Canullo L, Cocchetto R, Marinotti F, Oltra DP, Diago MP, Loi I. Clinical evaluation of an improved cementation technique for implant-supported restorations: a randomized controlled trial. Clin. Oral Impl. Res. 00, 2015; 1–8.
Cement remnants were frequently associated with peri-implantitis. Recently, a shoulderless abutment was proposed, raising some concern about cement excess removal.
To compare different cementation techniques for implant-supported restorations assessing the amount of cement remnants in the peri-implant sulcus. Additional aim was to compare the effect of these cementation techniques using two different abutment designs.
MATERIAL & METHODS:
Forty-six patients requiring double implant-supported restoration in the posterior maxilla were randomly divided in two groups according to the cementation modality: intraoral and extraoral.

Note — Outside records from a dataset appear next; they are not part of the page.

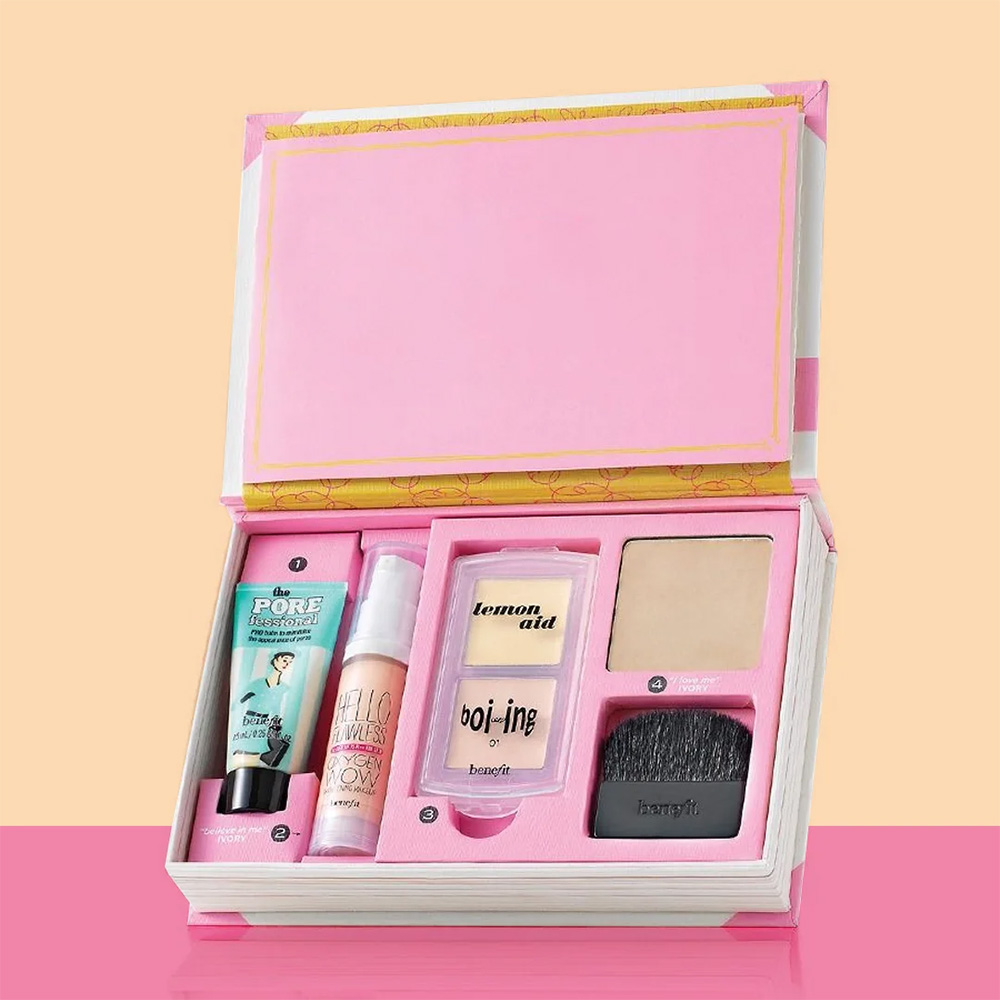Branding a Makeup Kit Box Without Overcrowding the Design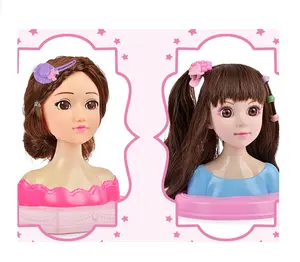 女孩玩具模拟她身体的一半穿着和制作公主娃娃玩具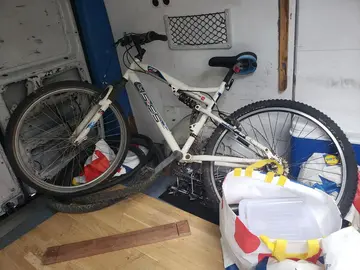 velo .2 pneus et une chambre à air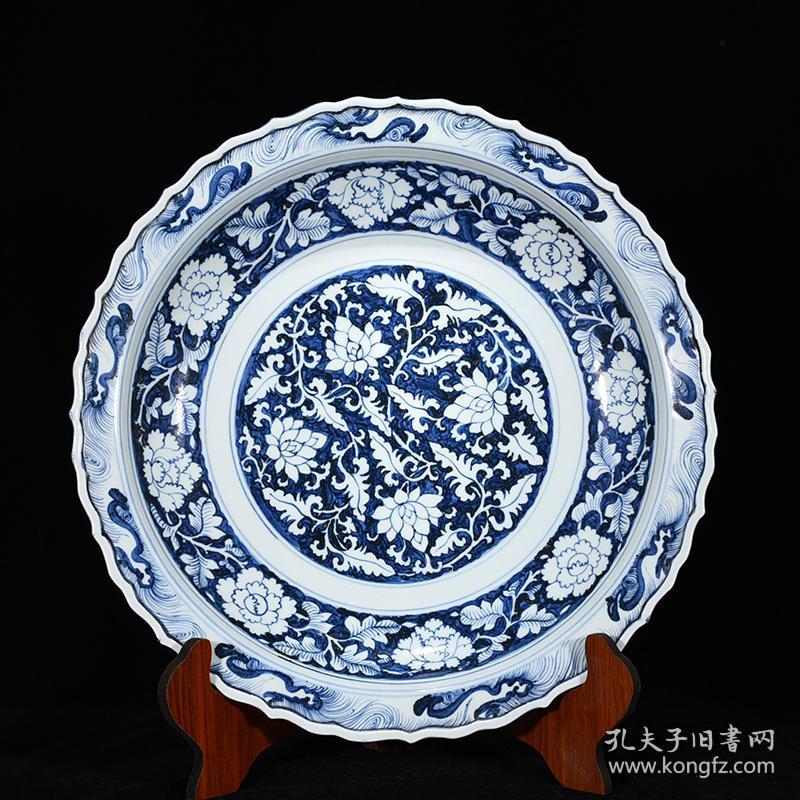 元代青花蓝地白花反青花缠枝莲纹菱口折沿盘 厘米7x45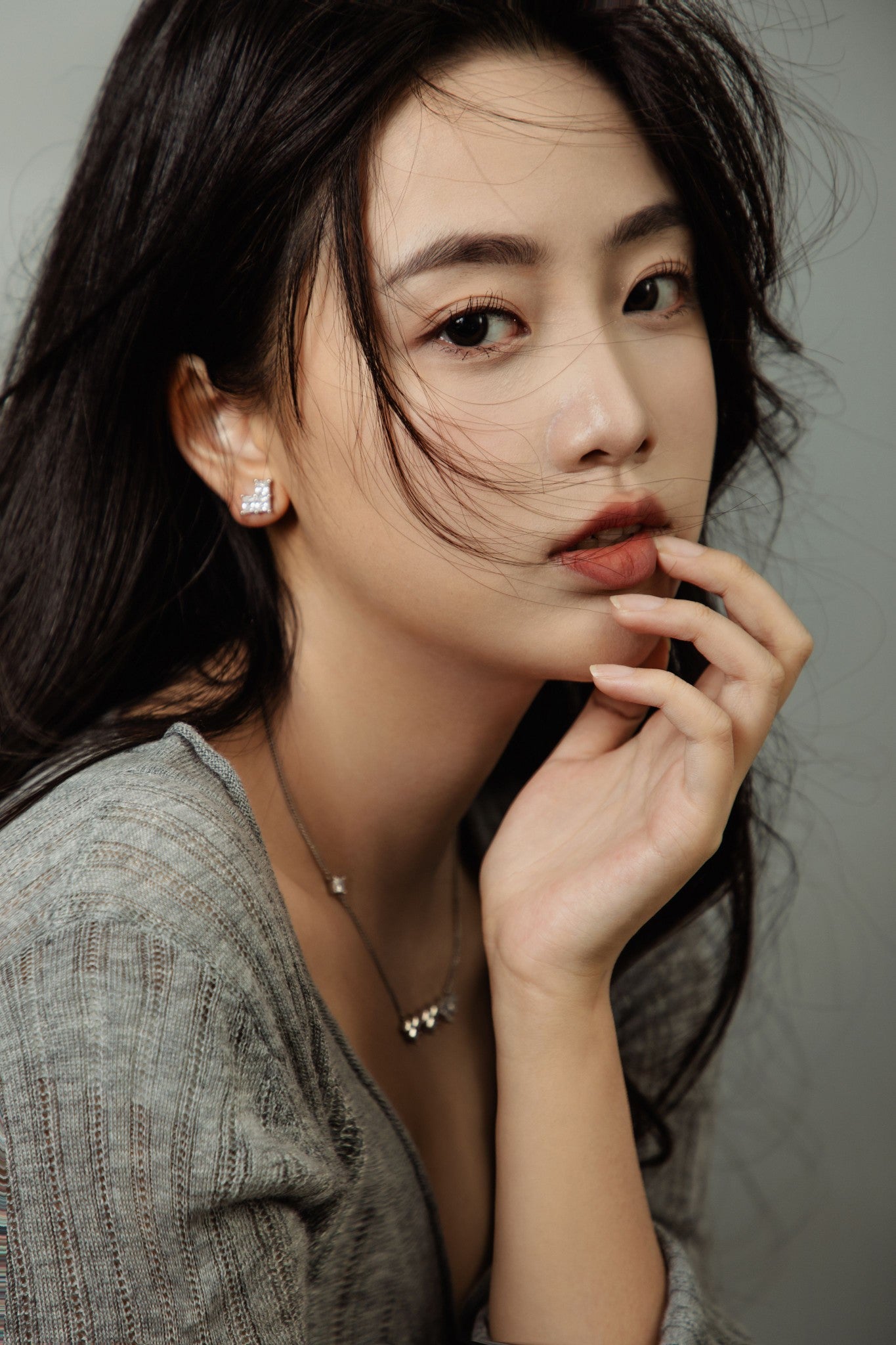 ABYB CHARMING Answer Earring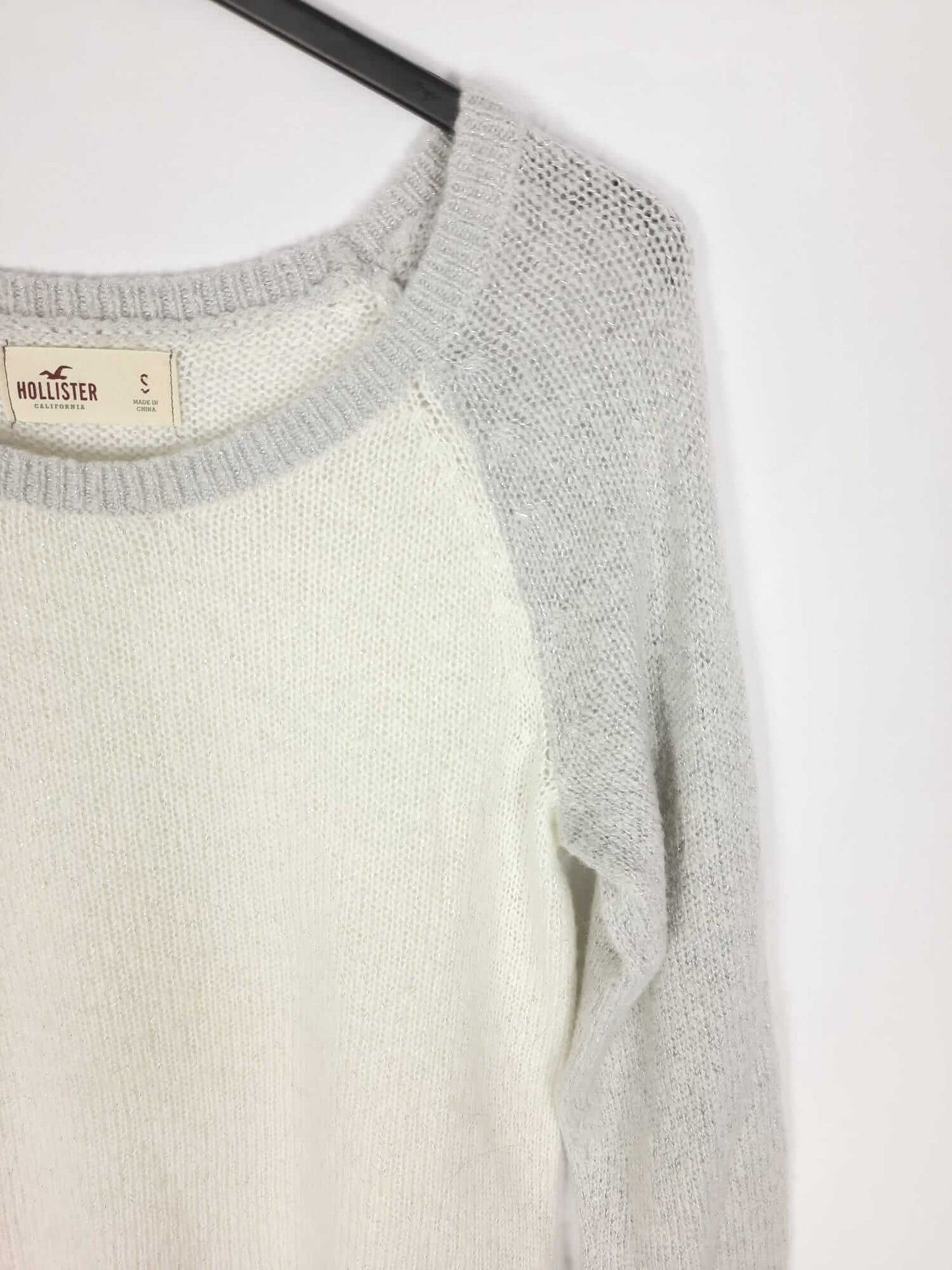 HOLLISTER. jersey blanco roto mangas grises T.s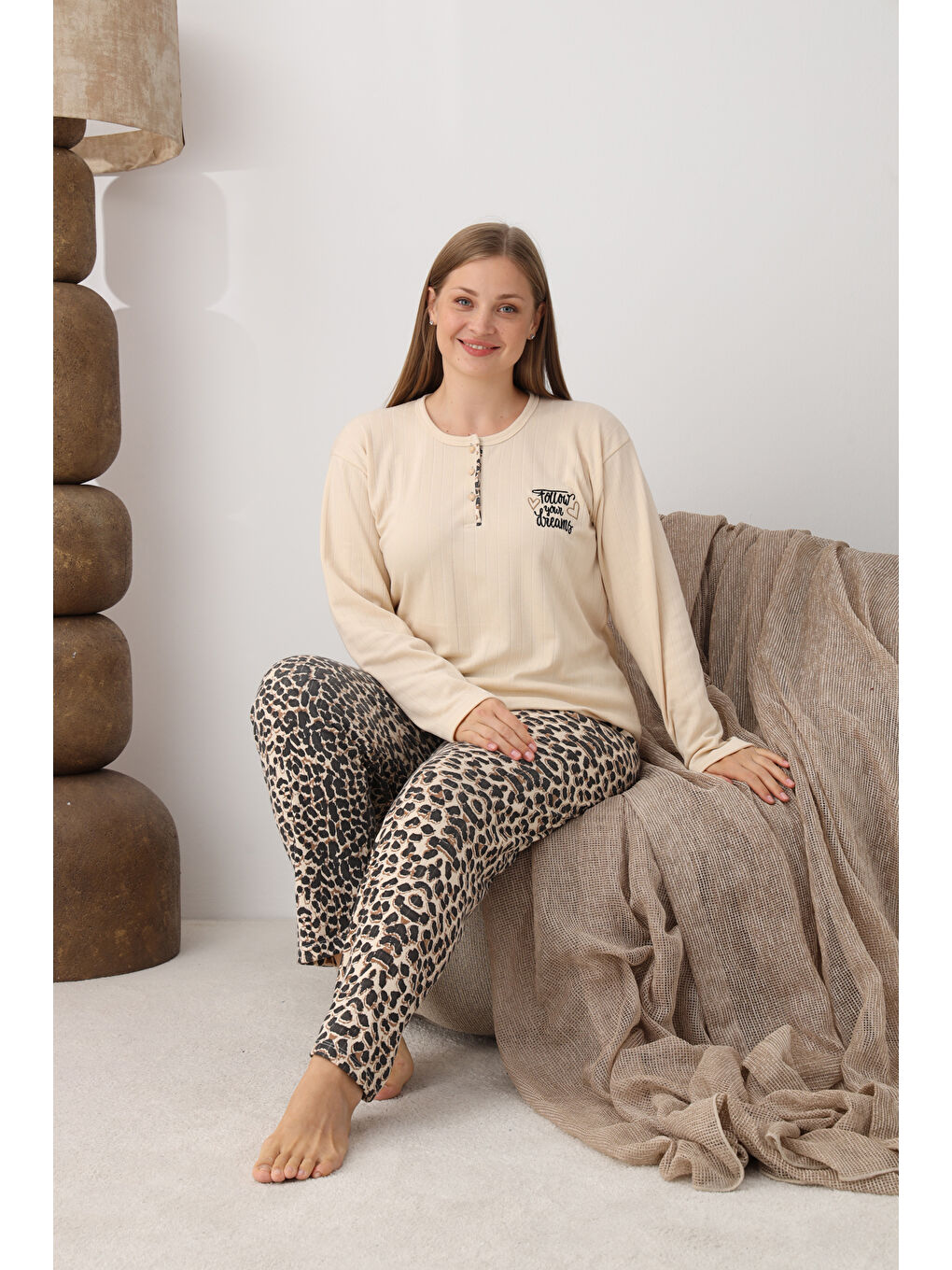 Renksiz Şardonlu İnterlok Kumaş Büyük Beden Kışlık Kadın Pijama Takımı 1160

According to the abutment finishing line, implants in each patient were randomly assigned to shoulderless or chamfer subgroup. In the intraoral group, crowns were directly seated onto the titanium abutment. In the extraoral group, crowns were firstly seated onto a resin abutment replica and immediately removed, then cleansed of the cement excess and finally seated on the titanium abutment. After cement setting, in both groups, cement excess was carefully tried to remove. Three months later, framework/abutment complexes were disconnected and prepared for microscopic analysis: surface occupied by exposed cement remnants and marginal gaps were measured. Additionally, crown/abutment complexes were grinded, and voids of cement were measured at abutment/crown interface. Related-samples Friedman’s two-way analysis of variance by ranks was used to detect differences between groups and subgroups (P ≤ 0.5).
At the end of the study, a mean value of 0.45 mm2 (±0.80), 0.38 mm2 (±0.84), and 0.065 mm2 (±0.13) and 0.07 mm2 (±0.15) described surface occupied by cement remnants in shoulderless and chamfer abutment with intraoral cementation and shoulderless and chamfer abutment with extraoral cementation, respectively. A mean value of 0.40 mm2 (±0.377), 0.41 mm2 (±0.39) and 0.485 mm2 (±0.47) and 0.477 mm2 (±0.43) described cement voids at the abutment/crown interface; a mean value of 0.062 mm (±0.03), 0.064 mm (±0.35), 0.055 mm (±0.016) and 0.054 mm (±0.024) described marginal gaps. Statistics showed tendency of intraoral cementation to have significantly higher cement remnants compared with abutments with extraoral cementation groups. At the same time, the presence of voids was significantly higher in case of extraoral cementation. No significant differences between groups for the variable “gap”.
Despite the presence of more voids, extraoral cementation reduces cement excess. However, using low adhesivity cement and careful cement removal, a very limited quantity of cement remnants was observed also in the intraoral cementation.